Mergers such as NTT's plans to acquire Dimension Data (DiData) for $3.2 billion always create an interesting split in opinion, not around the proposed future value but around how the combined organizations will fare as a single entity.
The parties claim the merger will enable them to “offer new IT services worldwide in the age of cloud computing,” combining NTT’s network and hosting capacity with DiData SI capabilities, but will the combined entity be able to create an integrated set of global services offerings to take advantage of this trend?
Given DiData’s substantial footprint and rates of growth, this merger does certainly provide NTT with access to some previously relatively untapped and expanding geographies ($1 billion in revenues in each of Africa, Europe, and ANZ), as well as greatly expanding its network integration, IT, and managed services capabilities. However, the combined entity will still be no more than a buzz within the North American market.
To date, NTT has been noticeably quiet in the global services space and one of the few large, global telcos not to have such a pronounced, global strategy. Then again, maybe it has just watched as its peers have more often than not stumbled in this arena and has waited to pick up the “cheaper” pieces.
What’s in it for DiData? Access to NTT’s extensive hosting capacity, a strong balance sheet to invest in its “cloud” vision, and an end-to-end stack to bring to market. Interestingly, DiData was making progress in transforming itself from a purely Cisco-centric network integrator to a more mainstream, multi-vendor systems integrator. Clarity around the future of this program will be a top priority.
But there are historic warning signs that must be heeded in such a cross-cultural, cross-industry marriage, with the respective HQs so widely separated by miles, time zones, and cultures. Such trysts have not had the greatest success in terms of globalizing, integrating, and delivering a common vision: Fujitsu’s acquisitions (e.g. ICL & Amdahl) and NTT’s Verio acquisition highlight the difficulties in creating such an integrated entity.

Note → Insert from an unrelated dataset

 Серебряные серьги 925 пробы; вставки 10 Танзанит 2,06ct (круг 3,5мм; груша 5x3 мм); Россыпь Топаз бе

And with a history of less than successful telco acquisitions of services organizations (Telstra/Kaz, KPN/Getronics), it does raise the question of whether the cultures of “big pipes/product/incumbent sales” can combine with a “consultative/dynamic/solution approach” to create the craved-for market success.
Unless the respective management teams align at the top, the resulting merged company could well be governed by the “slowest” common denominator of decision-making and drive minimal innovation beyond competitive reactions. The resulting culture clash may also be the major hurdle that can hinder any significant synergistic benefits.

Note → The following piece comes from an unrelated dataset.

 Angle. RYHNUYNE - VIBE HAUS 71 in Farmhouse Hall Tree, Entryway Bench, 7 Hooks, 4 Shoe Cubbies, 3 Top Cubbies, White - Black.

A lot of competitors and partners will be watching this one eagerly
Is NTT buying into these “closer to the client, on-premise” capabilities to create an end-to-end capability or is this to gain access to DiData’s top-tier Cisco integrator relationship and thus enhance its procurement leverage (and volumes) in CPE-related deals?
Such a deal has a wide-reaching impact across industries and geographies and ensures a large set of critical eyes will follow the progress closely, so any integration needs to be well planned and executed.

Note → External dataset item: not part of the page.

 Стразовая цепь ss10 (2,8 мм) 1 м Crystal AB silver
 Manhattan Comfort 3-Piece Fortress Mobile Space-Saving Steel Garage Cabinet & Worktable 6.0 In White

The disparate cultures conundrum will be a substantial barrier (but not insurmountable), and will need to be considered in line with the potential impact on DiData’s ecosystem of relationships with SIs, equipment manufacturers, and other telcos, globally and locally.
NTT is procuring far more than geographic footprint, enhanced capabilities, and a successful and growing business; it is gaining direct access to customers through a more mature and embedded relationship model.